John: The mere fact that I’ve been asked this question, let alone attempted to answer it, might suggest that I regard myself as some kind of authority on the subject. I don’t – and I’d be suspicious of anyone who claimed to be. Despite having written a bunch of strips for 2000 AD over the years and edited a lot more in my time as Tharg, I’m still just guessing around. Maybe it’s because the audience has seen it all before. Or maybe there IS no quintessential 2000 AD strip – after all, if a writer or editor ever discovered the formula and tried to impose it on the writers every strip would be the same, and that wouldn’t work.
Obviously it helps if it’s set in the future, though that’s not compulsory. Ostensibly a science fiction mag, 2000 AD has always been a pretty broad church, incorporating fantasy, horror and (in my case, anyway) kitchen sink drama.
Perhaps it’s just me, but I’ve always thought that the most effective 2000 AD strips are those that leave the reader feeling afraid, appalled and slightly ill. It’s a tricky formula to pull off, but when it works it’s instantly identifiable. It was there in the early series of Flesh, in John Smith’s work, in the best Dredd stories and it’s there in abundance in Al Ewing and Henry Flint’s Zombo. There may not be an archetypal 2000 AD strip, but Zombo comes pretty close in my opinion. And if there’s a quintessential 2000 AD writer/artist team, those two are it.
Matt: You’ve (fairly) recently returned to writing Dredd for 2000 AD after a break of some years. How do you write a Dredd? Both how do you and how does one write a Dredd?

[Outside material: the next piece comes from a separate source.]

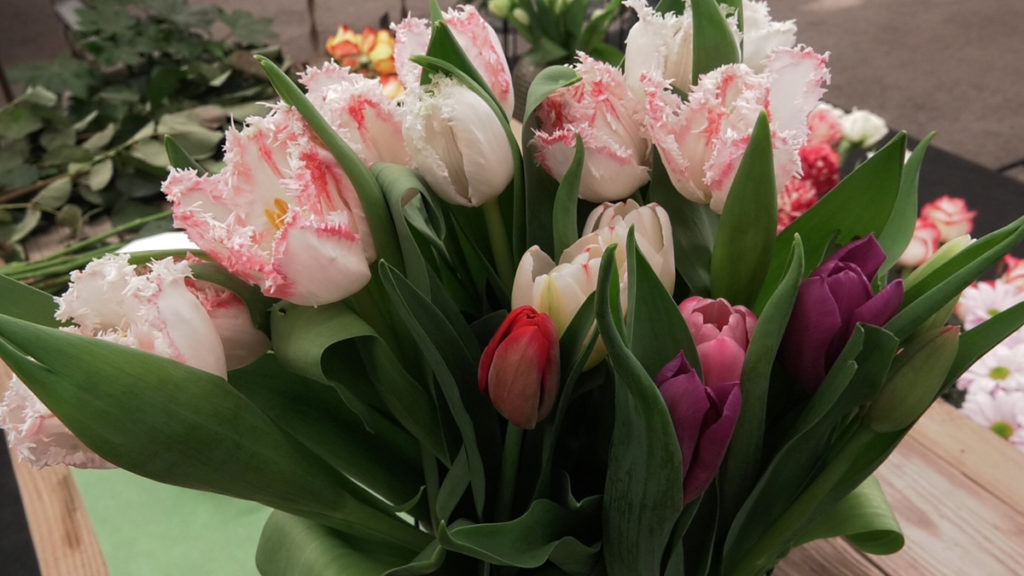 tulipani-u-vazi-domnakvadrat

John: Another thing I’m still trying to figure out. Judge Dredd has changed and evolved quite a bit in its long history, the jokier, action-based strips giving way to more layered, political stories. This has much to do with the evolution of John Wagner’s writing, since he’s still the main Dredd writer and therefore sets the tone. He certainly didn’t need any guidance from me when I edited 2000 AD. As a strip Judge Dredd appears to have grown up – however, though I love the current approach I still kind of miss the old school stories. So I tried to hark back to them in the few I’ve written recently.
Like most good SF, Judge Dredd isn’t really about the future. It’s a grim satire about today, current social, political and scientific trends extrapolated to terrible extremes. And it’s not easy to do – particularly as the present day becomes increasingly difficult to satirise, and London in particular seems more like the Big Meg with every passing year.